Coming from a traditional film background, I enjoyed the large bright viewfinders of Olympus’ original OM System and it was one of the attributes that made the OM1 so successful back in the 1970’s. My migration path over to digital eventually saw me drop the viewfinder concept altogether, as I embraced Leica's X1, X113 and T cameras. Generally speaking I was happy composing pictures on the camera’s rear screen, but it does have limitations.
Two key detractors for me are;
- Bright sunny days make composure difficult.
- Not being able to stabilise the camera by holding it close to my body causes me issues, especially when using telephoto lenses.
A less tangible aspect is one of detachment from the camera when holding it out in front of me. While it is not necessarily held at arm’s length, looking through a viewfinder is a far more intimate experience, and removes external distractions.
As I invested more into the TL system, it was inevitable that I took a closer look at the Visoflex 020 finder, as there is little else on the market than can do the job. My experience of EVF’s is a bit limited, having been mostly gained by handling demo cameras at shows or dealers. I love the high-resolution finder of Leica’s SL camera and found this set a very high standard that left other brands behind. Some of the offerings from Olympus, Fuji and Sony were OK, but fell short of what, in my opinion, could be considered acceptable.
Having never seen or tried the Visoflex, I surprised myself and ordered one over coffee one morning. Based on everything I had read and tempering this with my own requirements, sufficient caffeine gave me the recklessness I needed to press the ‘Buy’ button and sit back and wait for my internet purchase to arrive.

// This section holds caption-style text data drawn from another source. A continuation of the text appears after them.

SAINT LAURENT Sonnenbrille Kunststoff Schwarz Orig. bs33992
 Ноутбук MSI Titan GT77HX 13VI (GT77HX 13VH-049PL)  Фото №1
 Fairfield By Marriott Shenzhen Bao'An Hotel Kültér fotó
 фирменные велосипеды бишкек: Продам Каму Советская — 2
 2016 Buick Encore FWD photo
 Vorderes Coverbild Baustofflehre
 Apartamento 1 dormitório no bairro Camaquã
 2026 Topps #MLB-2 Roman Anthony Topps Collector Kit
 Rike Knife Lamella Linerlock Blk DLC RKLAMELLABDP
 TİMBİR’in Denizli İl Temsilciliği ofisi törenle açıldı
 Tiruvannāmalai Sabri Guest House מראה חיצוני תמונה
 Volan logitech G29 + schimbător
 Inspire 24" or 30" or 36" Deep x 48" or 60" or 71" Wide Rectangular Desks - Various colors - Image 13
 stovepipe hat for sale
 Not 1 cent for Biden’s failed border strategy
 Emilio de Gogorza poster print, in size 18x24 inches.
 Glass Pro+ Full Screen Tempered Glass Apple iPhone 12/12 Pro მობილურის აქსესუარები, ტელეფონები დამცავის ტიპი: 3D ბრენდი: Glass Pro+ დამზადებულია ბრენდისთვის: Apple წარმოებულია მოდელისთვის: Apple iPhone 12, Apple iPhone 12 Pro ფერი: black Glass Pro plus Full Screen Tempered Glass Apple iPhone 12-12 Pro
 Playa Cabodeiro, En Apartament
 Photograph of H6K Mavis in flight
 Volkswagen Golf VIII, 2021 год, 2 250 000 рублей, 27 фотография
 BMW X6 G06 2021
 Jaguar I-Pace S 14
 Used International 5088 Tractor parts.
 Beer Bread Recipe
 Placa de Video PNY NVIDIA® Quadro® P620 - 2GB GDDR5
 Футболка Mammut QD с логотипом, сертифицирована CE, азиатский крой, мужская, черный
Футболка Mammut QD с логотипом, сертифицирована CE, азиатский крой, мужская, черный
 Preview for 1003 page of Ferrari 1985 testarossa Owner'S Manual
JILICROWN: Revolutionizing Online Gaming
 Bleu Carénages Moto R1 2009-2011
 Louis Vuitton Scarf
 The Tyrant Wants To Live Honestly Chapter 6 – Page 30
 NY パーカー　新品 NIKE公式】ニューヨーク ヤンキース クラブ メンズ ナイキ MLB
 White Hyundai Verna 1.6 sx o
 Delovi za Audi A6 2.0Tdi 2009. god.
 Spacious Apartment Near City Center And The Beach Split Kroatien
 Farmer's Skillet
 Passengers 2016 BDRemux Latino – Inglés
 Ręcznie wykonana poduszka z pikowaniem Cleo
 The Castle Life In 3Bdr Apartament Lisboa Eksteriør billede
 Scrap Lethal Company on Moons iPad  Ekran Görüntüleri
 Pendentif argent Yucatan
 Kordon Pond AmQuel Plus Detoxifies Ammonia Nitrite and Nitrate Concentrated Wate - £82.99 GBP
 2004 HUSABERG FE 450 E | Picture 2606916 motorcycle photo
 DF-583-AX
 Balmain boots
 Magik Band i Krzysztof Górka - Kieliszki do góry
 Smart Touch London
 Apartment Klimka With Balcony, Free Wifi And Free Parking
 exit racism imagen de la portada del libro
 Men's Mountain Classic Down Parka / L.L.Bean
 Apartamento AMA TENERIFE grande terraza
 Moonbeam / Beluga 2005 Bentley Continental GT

Upon unboxing, I couldn’t help but be a little disappointed by the build quality of the finder. Even though I had been prepped for this after reading forum comments, the experience was still dishevelling and highlighted, not for the first time, Leica’s lack of attention to detail when it comes to accessories. The build quality feels cheap and flimsy particularly alongside my T camera body (a little less so with my X113). I am guessing that the extensive use of plastic is due to the GPS module being sited within the finder, but I am sure that with a bit more thought, parts of the main barrel could have been made from metal, giving it a more premium look and feel. The increase in cost would have been negligible and instilled more confidence in its longevity. This is an item I would not dare leave on the body as a permanent fixture for fear of it breaking off at the shoe. To me, it is not a quality item and falls well short of expectations associated with its high cost.
Slipping the finder into my T’s hot shoe, I was pleased that the fit was snug as it has no locking ring to secure it. With a resolution of 2.4 million pixels, the Visoflex lacks the SL’s whopping 4.4-million-pixel resolution, so I thought it inevitable I would be disappointed when powering the camera up and looking into it. There is a short (< one second) delay while the eye sensor activates but surprisingly the image is very impressive, being large with excellent colour balance. After adjusting the dioptric correction by means of the wheel on the barrel, the image really popped into life, allowing me to view fine detail very easily. Depth of field was also very easy to manage (I use native TL lenses). Shooting information available on the rear screen is transferred to the upper and lower parts of the image and does not distract in any way. The refresh rate is also pretty good, there is a slight flicker but nothing distracting.
One of its most useful features is the ability to tilt the finder in an upward arc (to 90°), allowing the user to look down into it from above the camera, similar to TLR’s in days of yore. As the T’s rear screen cannot be tilted, this is a boon for getting those low angle shots that my ageing back protests so much about. It also adds a level of stealth to photography; for example, sitting on some steps people watching, the camera can be rested on my knee while looking down into it waiting for the perfect ‘street’ moment – far less noticeable to passers-by. This is also a good way to steady longer lenses, such as the TL 55-135 zoom. I can see this feature being very useful when travelling with my smallest tripod; it only extends to around 50cm which can be limiting, so tilting the viewfinder to 90° will be a real bonus. When not tilted, the finder clicks reassuringly into the shoe base.
The Visoflex has another trick up its sleeve… a GPS module – a useful addition as the T does not have this natively built in. It has to be enabled in the camera’s settings and I am not sure what impact it has on battery life at this stage.
Using the EVF outside in really bright light confirms how much easier composure is. I’m no longer trying to shield the rear screen to see subject matter. A slight niggle is the eyecup (or lack of one). A narrow piece of hard plastic is all that separates the eye from the finder window – a rubberised cup would have made it so much more comfortable.
The T’s dynamics really change when the EVF is mounted, and for the better. Simply put, it provides a far more immersive experience, and one I didn’t know I had missed until now. It is such a shame that it lacks the build quality Leica are renowned for. I intend to use it a lot so time will tell exactly how robust it turns out to be. It is also a pity that it is not produced in a silver finish as well as black, as it would look stunning on a silver T body, really adding to the overall Bauhaus design.